- Born: 1919 Winnipeg, Manitoba, Canada
- Died: 7 September 2013 (aged 93–94)
- Awards: Patterson Medal (1972)

Academic background
- Education: University of Michigan McMaster University

Academic work
- Discipline: climatology meteorology
- Institutions: International Institute of Applied Systems Analysis University of Toronto
- Notable works: Global Environmental Change

= R. E. Munn =

Canadian climatologist and meteorologist (1919–2013)

Robert Edward Munn (1919 – 7 September 2013) was a Canadian climatologist and meteorologist.

==Early life and education==
Munn was born in Winnipeg, Manitoba, and was a grandson of Stuart Jenkins, a well-known writer in the 1890s for Scientific American. Jenkins' frequent lectures about natural sciences helped develop Munn's interest in the inductive sciences, which he studied at McMaster University.

==Career==

Upon graduation in 1941, Munn became a weather forecaster, spending 1943 to 1949 in Gander, Newfoundland where he briefed RAF Ferry Command and other wartime pilots on their way to Britain.

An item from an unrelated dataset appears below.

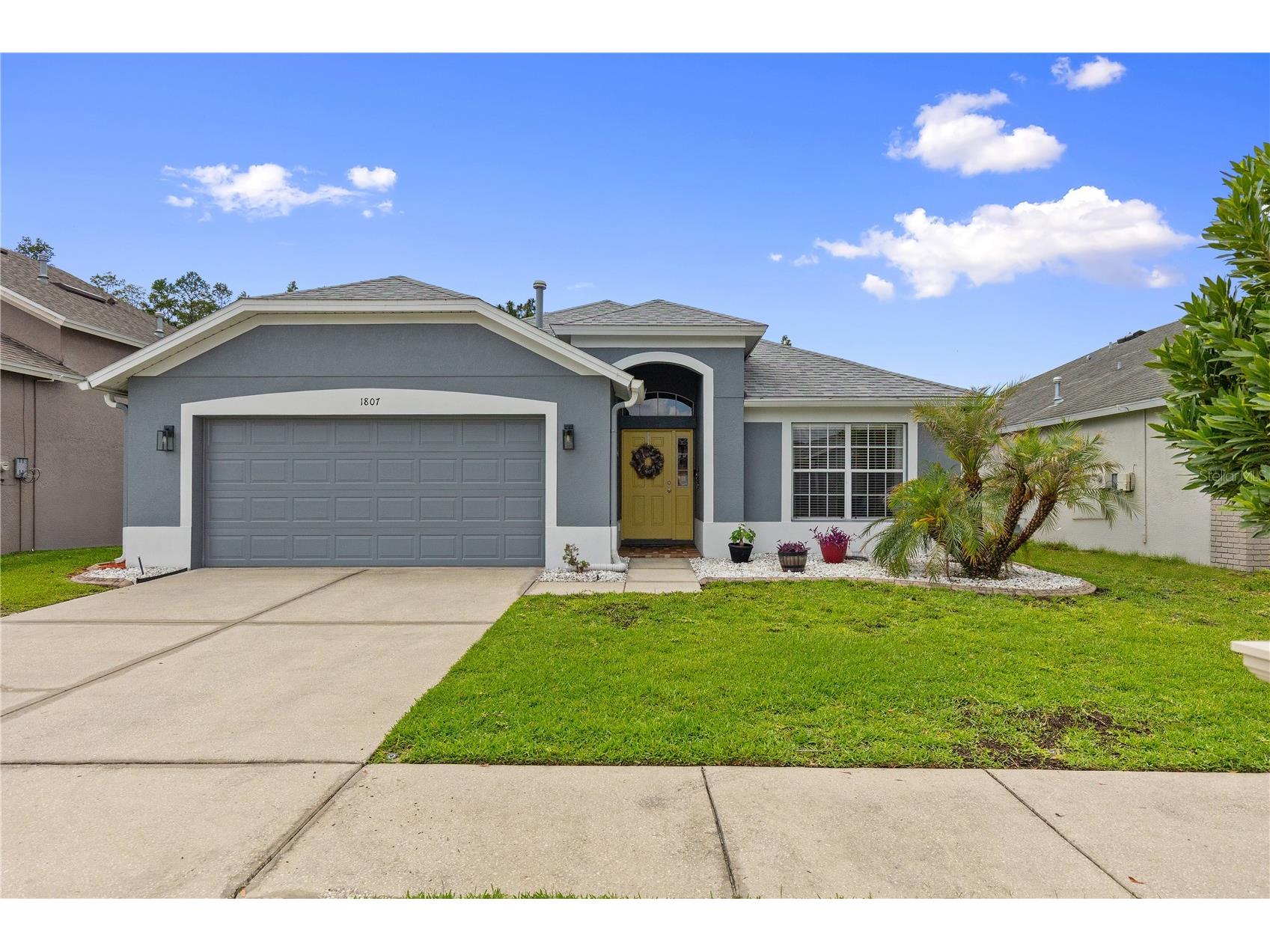 1807 Leybourne Loop Wesley Chapel FL 33543 TB8509110 image3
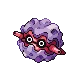 Forretress — Gen IV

In the late 1950s, Ted registered as a PhD student at the University of Michigan. At the time of his graduation in the early 1960s, he was the only Canadian meteorologist with training in air pollution. He served as president of the Canadian Branch of the Royal Meteorological Society, 1964–66, and on several international committees, including WMO and ICSU. He spent a winter in Stockholm working with Bert Bolin on the acid rain issue, and for 17 years he was editor-in-chief of the SCOPE series of 60 books relating to interdisciplinary environmental topics.

In 1983, he was appointed head of the environmental group at the International Institute of Applied Systems Analysis in Austria. Then in 1990, he returned to the University of Toronto, to the Institute of Environmental Studies, where he taught a course on Global Environment Change, and edited a five-volume encyclopedia, Global Environmental Change (John Wiley, UK.) Each volume is about 750 pages in length.

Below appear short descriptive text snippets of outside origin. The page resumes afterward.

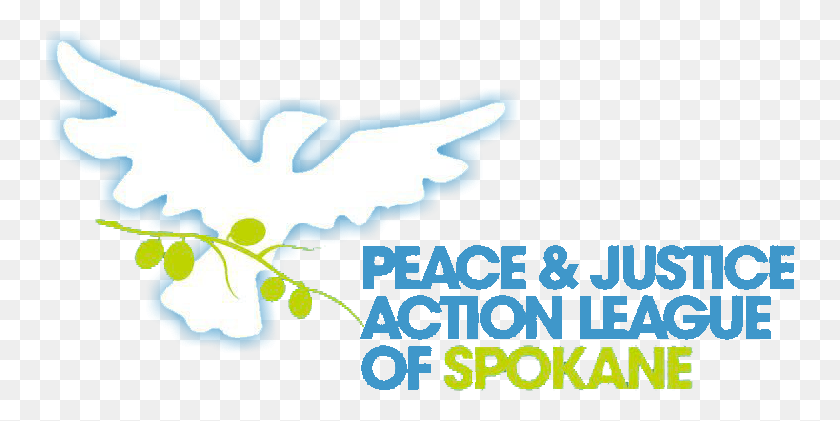 750x361 10th Annual Peace Amp Justice Action Conference, Poster, Advertisement, Animal HD PNG Download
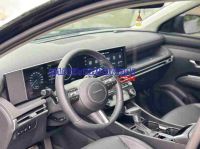 Cần bán xe Hyundai Tucson 2.0 AT Đặc biệt sx 2026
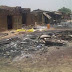Zamfara killings: Bandits
displace over 20
communities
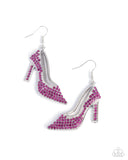 wedding-shoes-pink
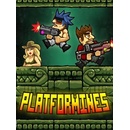 Platformines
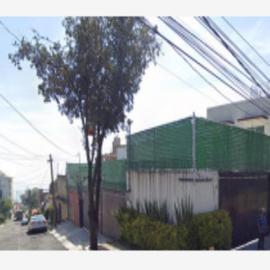 Foto de casa en venta en goyescas 00, rinconada el mirador, tlalpan, df / cdmx, 26963138 No. 01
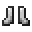:mc_iron_boots:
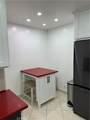 4801 Clark Ave - Photo 13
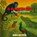 De Wijsheid van Dieren, Michelle Diepstraten - Paperback - 9789465312149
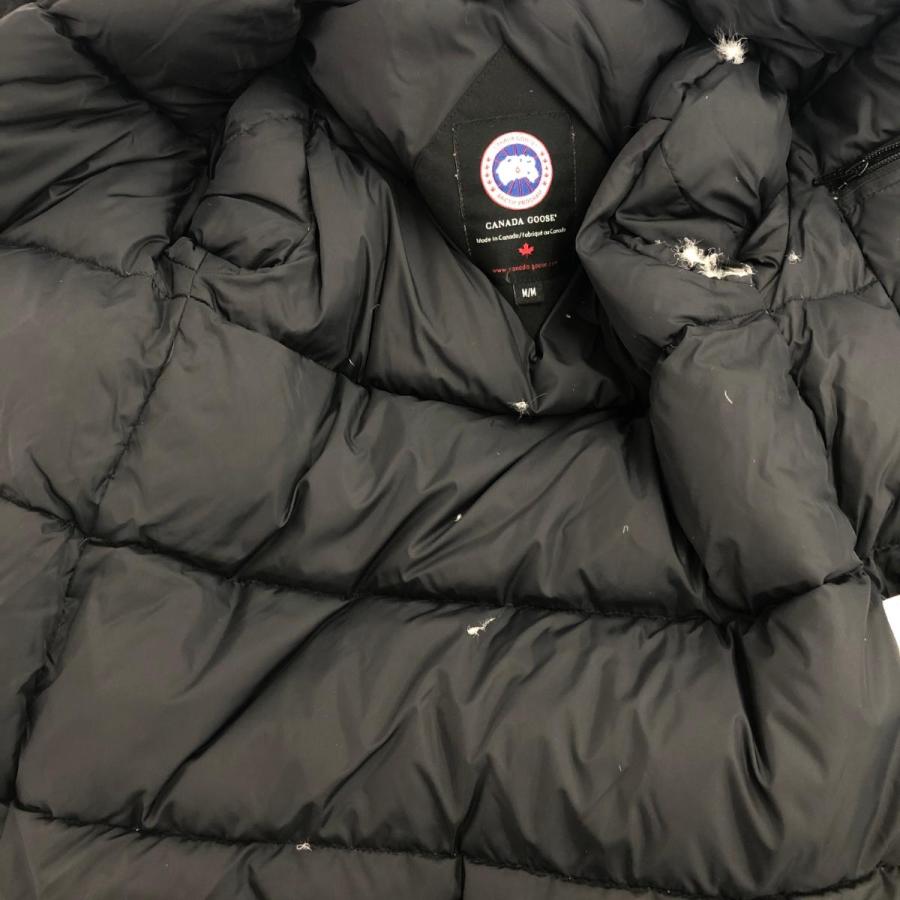 CANADA GOOSE カナダグース エクスペディションパーカ ダウン CANADA GOOSE カナダグース エクスペディションパーカ ダウン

Munn was the founder of the Journal Boundary Layer Meteorology.

Munn was elected a Fellow of the Royal Society of Canada in 1985 and published several books and many scientific articles on environmental topics.

==Publications==
- Ted Munn (2002). "The Encyclopedia of Global Environmental Change"
- Ted Munn (1973). "Global Environmental Monitoring Systems (GEMS): Action Plan for Phase I"
- R.E. Munn (1996). "Policy Making in an Era of Global Environmental Change"
- R. E. Munn (1996). "Boundary-Layer Meteorology 25th Anniversary Volume, 1970–1995: Invited Reviews and Selected Contributions to Recognise Ted Munn's Contribution as Editor Over the Past 25 Years"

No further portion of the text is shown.